"""

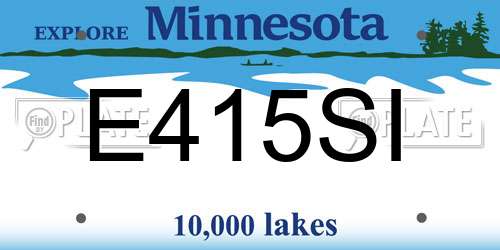 E415SI Minnesota License Plate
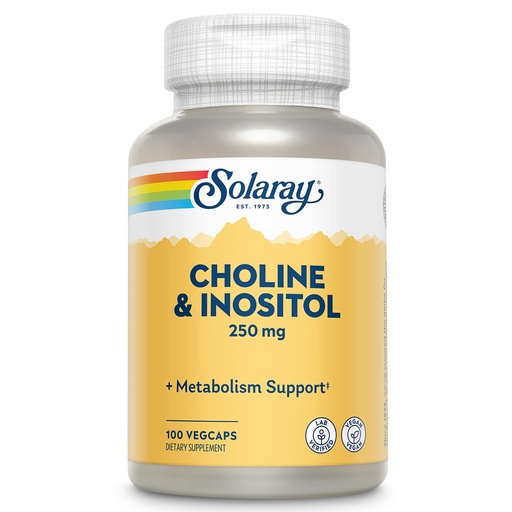 [BRSWIYT3OMAGI2I5] SOLARAY Choline & Inositol 250 mg | Two-Nutrient Combo for Healthy Fat Metabolism, Brain Function Support | 100 VegCaps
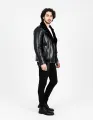 New Men's Casual Biker Style Black PU Leather Jacket with Tartan Collar. 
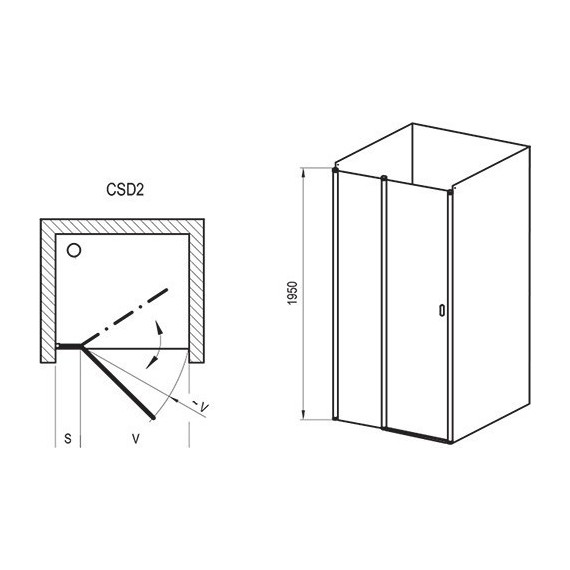 Душевая дверь Ravak Chrome CSD2 110 см 0QVDCC00Z1 алюминий/прозрачное - фото 4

"""

__Exercise__:
Would you set down each line of the data exactly, with no images included?

__Your solution__:
 E415SI Minnesota License Plate
 [BRSWIYT3OMAGI2I5] SOLARAY Choline & Inositol 250 mg | Two-Nutrient Combo for Healthy Fat Metabolism, Brain Function Support | 100 VegCaps
 New Men's Casual Biker Style Black PU Leather Jacket with Tartan Collar. 
 Душевая дверь Ravak Chrome CSD2 110 см 0QVDCC00Z1 алюминий/прозрачное - фото 4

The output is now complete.